§ Task brief
From the first line to the last, retype the records exactly without their images.

§ Exercise materials
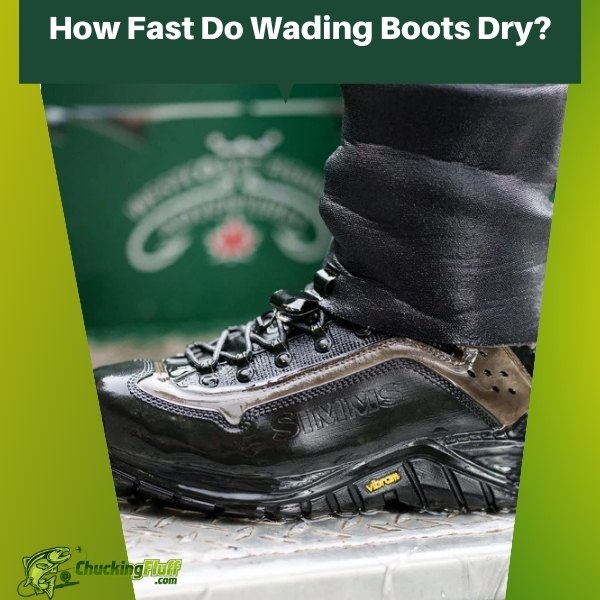 How Fast Do Wading Boots Dry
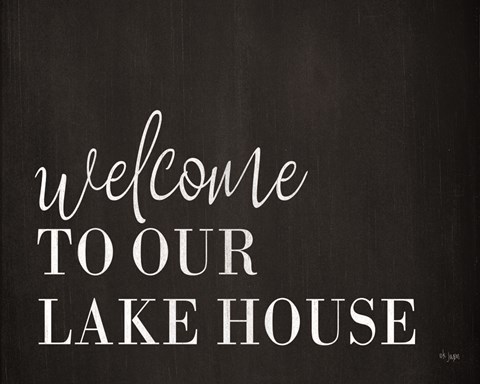 Framed Welcome to Our Lake House Print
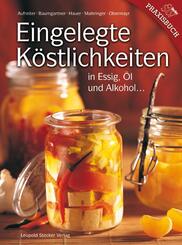 Eingelegte K&ouml;stlichkeiten in Essig, &Ouml;l und Alkohol...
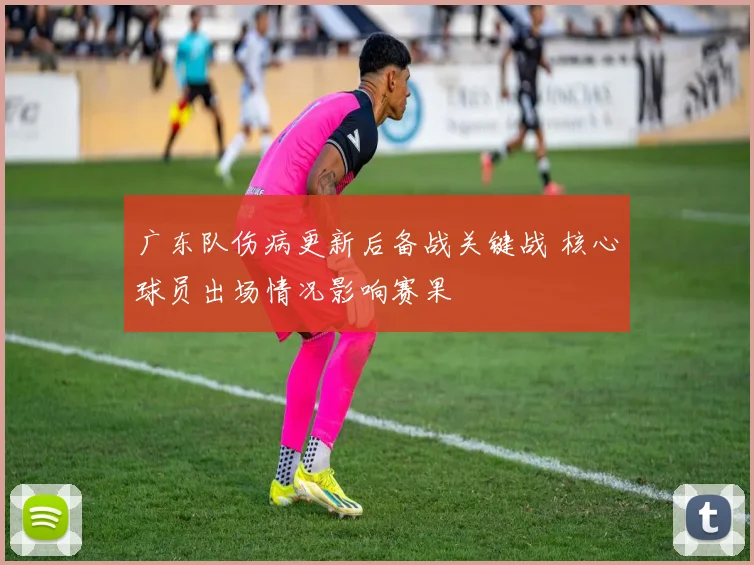 广东队伤病更新后备战关键战 核心球员出场情况影响赛果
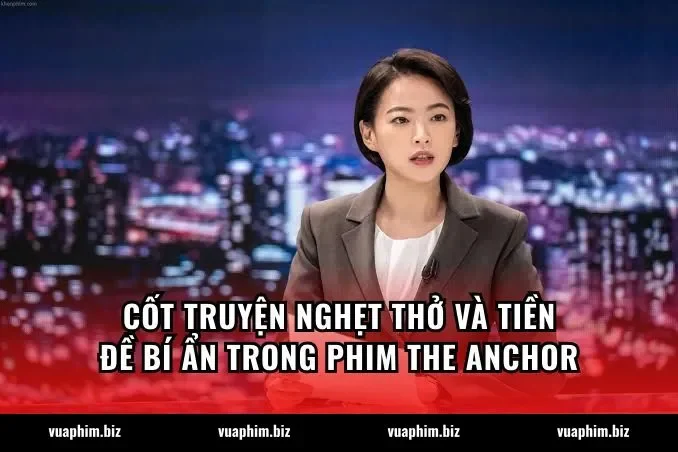 Cốt truyện nghẹt thở và tiền đề bí ẩn trong phim The Anchor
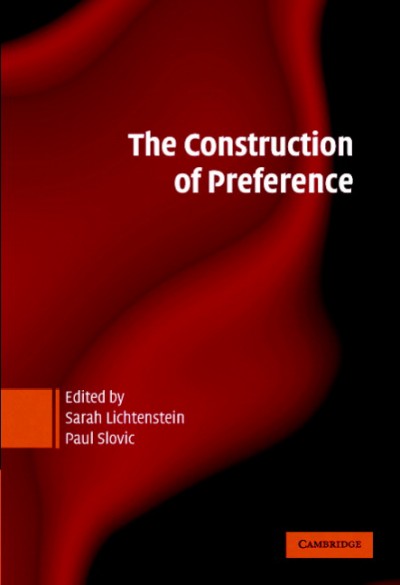 The construction of preference / edited by Sarah Lichtenstein, Paul Slovic.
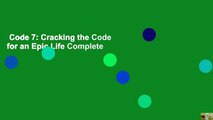 Code 7: Cracking the Code for an Epic Life Complete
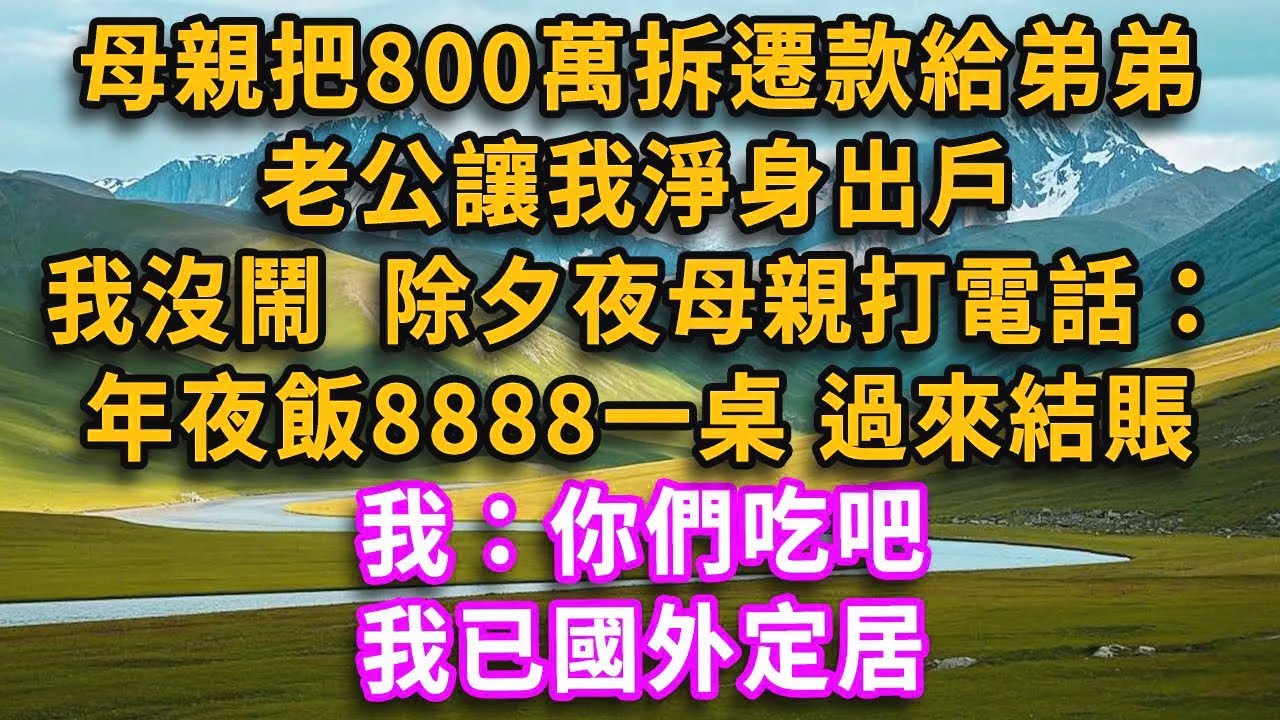 母親把800萬拆遷款給弟弟 老公讓我淨身出戶 我沒鬧  除夕夜母親打電話：年夜飯8888一桌 過來結賬我：你們吃吧，我已國外定居 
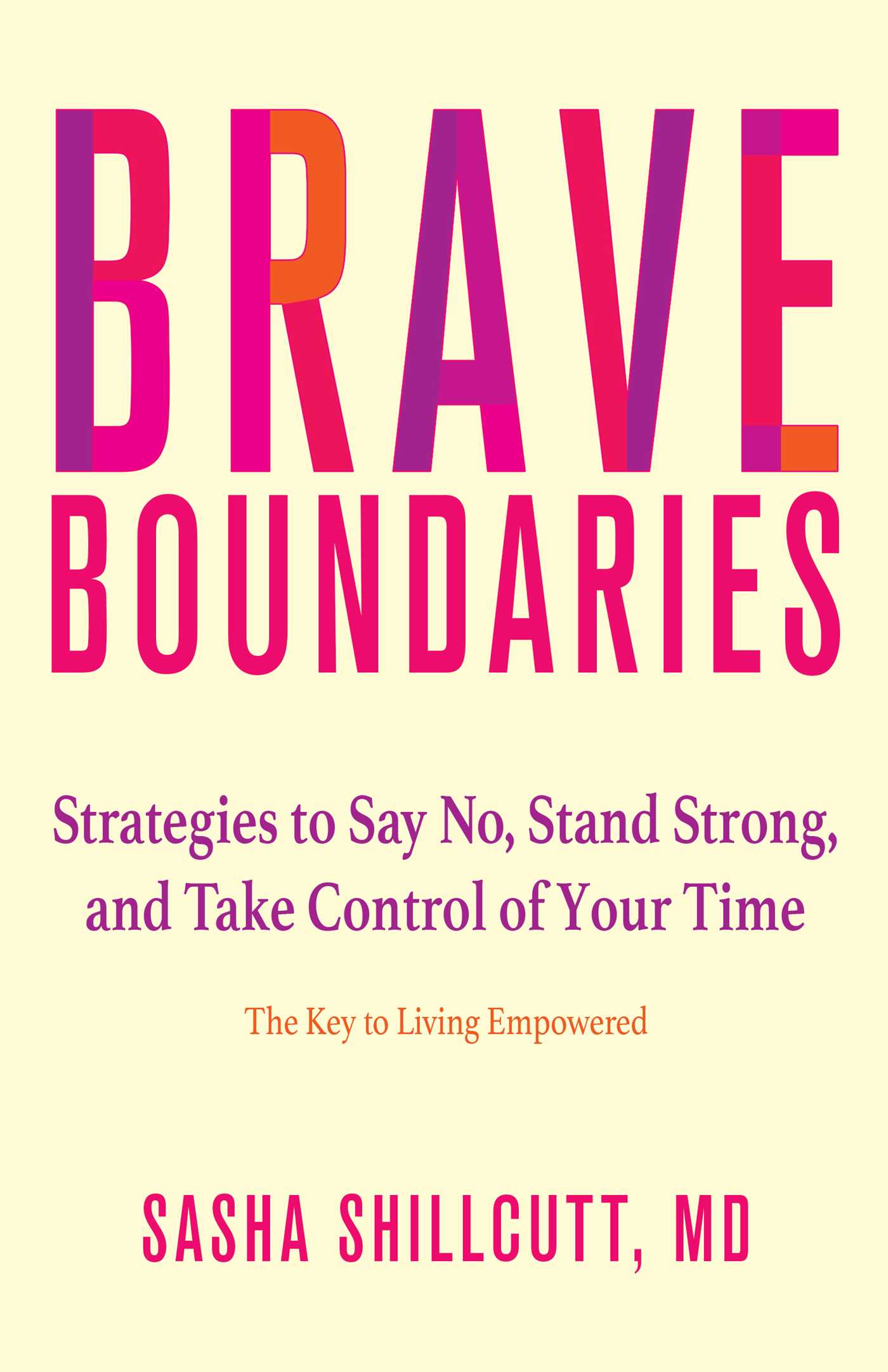 Brave Boundaries: Strategies to Say No, Stand Strong, and Take Control of Your Time: The Key to Living Empowered (Paperback)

§ Task output
 How Fast Do Wading Boots Dry
 Framed Welcome to Our Lake House Print
 Eingelegte K&ouml;stlichkeiten in Essig, &Ouml;l und Alkohol...
 广东队伤病更新后备战关键战 核心球员出场情况影响赛果
 Cốt truyện nghẹt thở và tiền đề bí ẩn trong phim The Anchor
 The construction of preference / edited by Sarah Lichtenstein, Paul Slovic.
 Code 7: Cracking the Code for an Epic Life Complete
 母親把800萬拆遷款給弟弟 老公讓我淨身出戶 我沒鬧  除夕夜母親打電話：年夜飯8888一桌 過來結賬我：你們吃吧，我已國外定居 
 Brave Boundaries: Strategies to Say No, Stand Strong, and Take Control of Your Time: The Key to Living Empowered (Paperback)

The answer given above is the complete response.